● Activity: Write down exactly what lies from the line containing "15 Stephen Court, Cleveland" to the end of the records, inclusive, and omit the pictures.

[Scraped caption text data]

◇ ◇ ◇ ◇ ◇ ◇ ◇

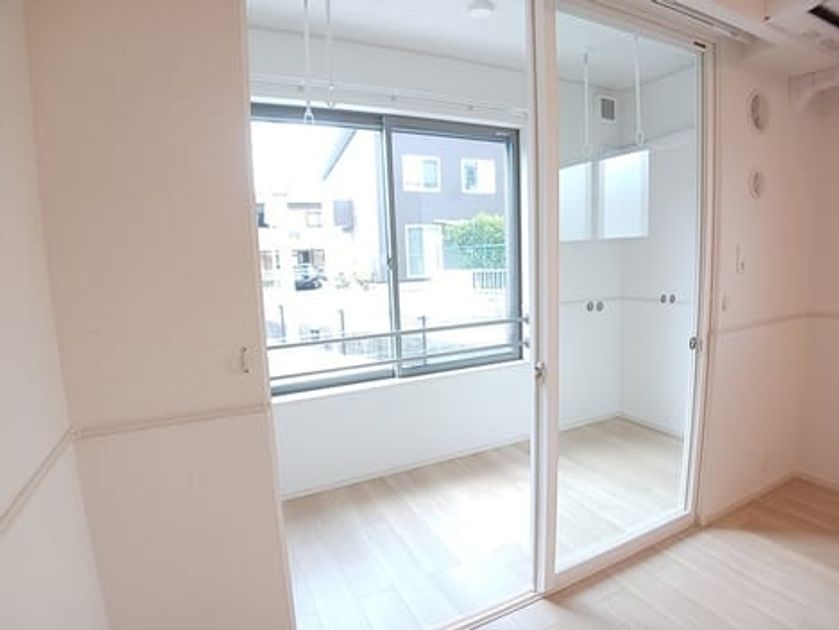 Naikan8 20260831000000 945x630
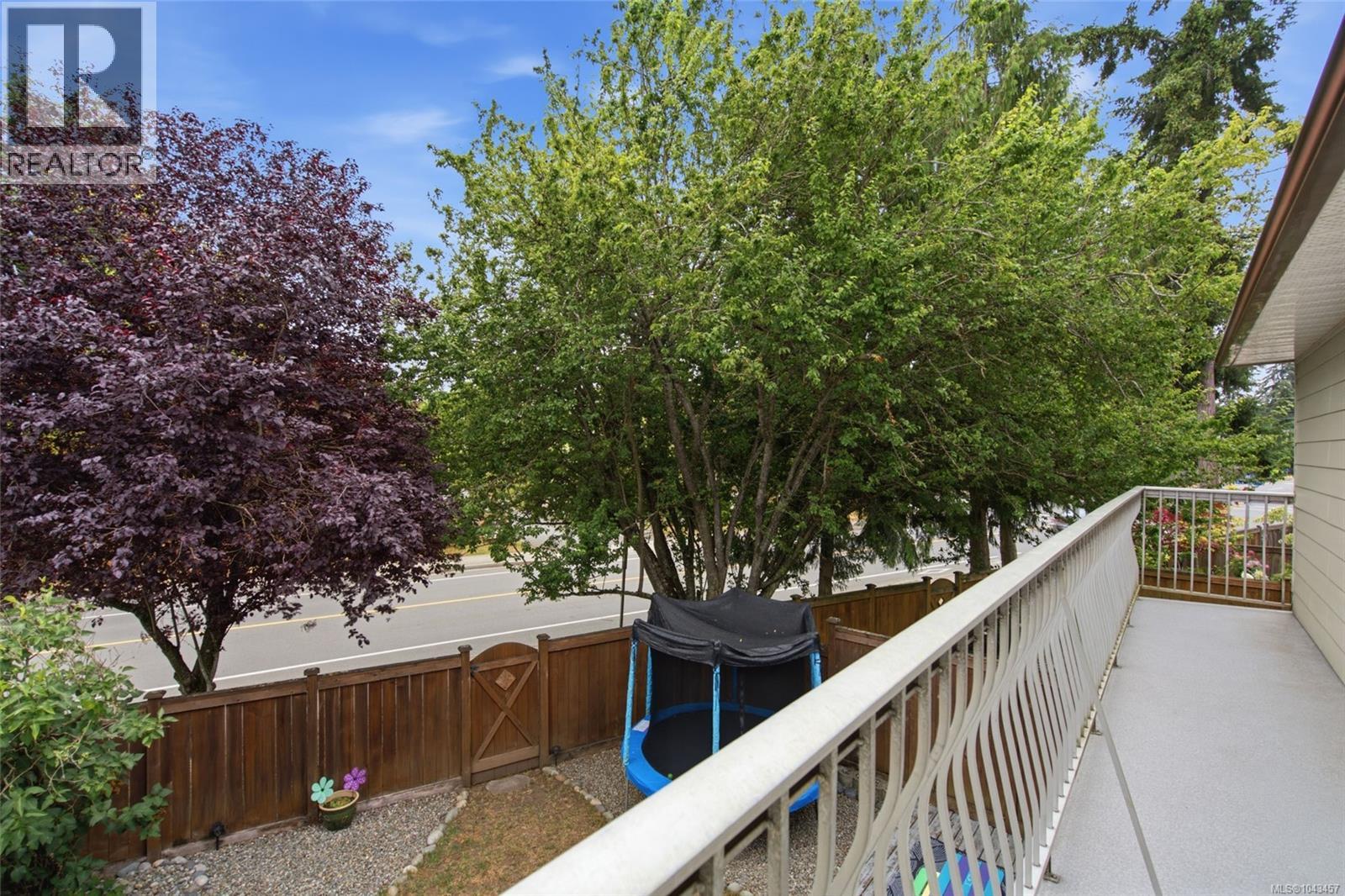 #21 267 Corfield St - 26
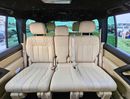 Toyota Land Cruiser GXR V6 4WD/  INTERIOR UPGRADE/ LOW  MILEAGE/ MINT CONDITION/ LOT#48220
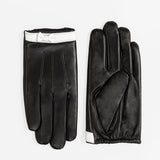 Lederhandschuhe für Damen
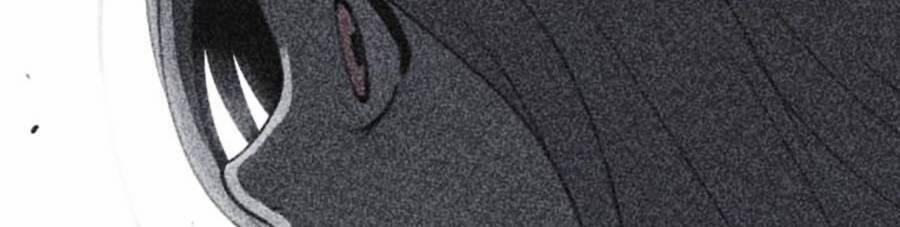 Shotgun Boy 54 trang 27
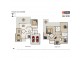 15 Stephen Court, Cleveland QLD 4163 Floorplan
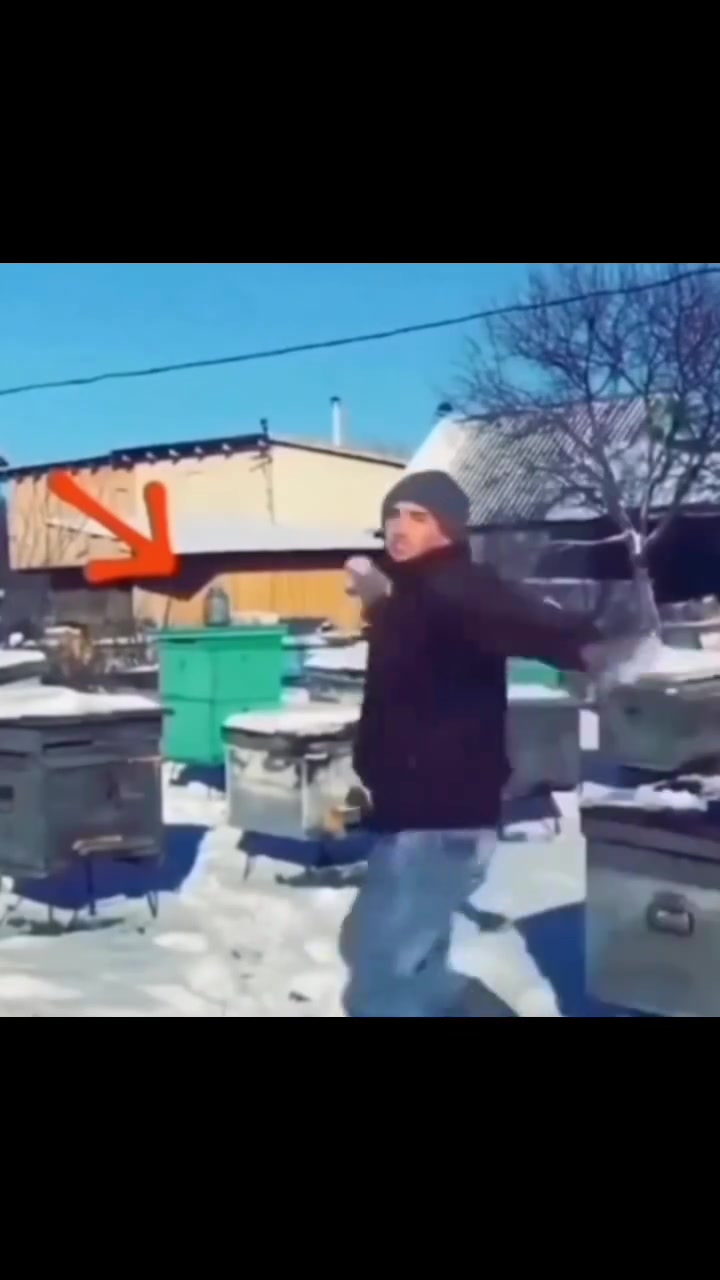 البيع كسور موديل 4 كفاله تخم تاير حجم 40 كير كهربائي رقم نكليزي بسمي  شرط تحويل مربوطه فلات ذات جوانب متحركة  مكان كربلاء سعر ١٥٥ وبيه مجال ستفسار ***********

◇ ◇ ◇ ◇ ◇ ◇ ◇

● Problem solution:
 15 Stephen Court, Cleveland QLD 4163 Floorplan
 البيع كسور موديل 4 كفاله تخم تاير حجم 40 كير كهربائي رقم نكليزي بسمي  شرط تحويل مربوطه فلات ذات جوانب متحركة  مكان كربلاء سعر ١٥٥ وبيه مجال ستفسار ***********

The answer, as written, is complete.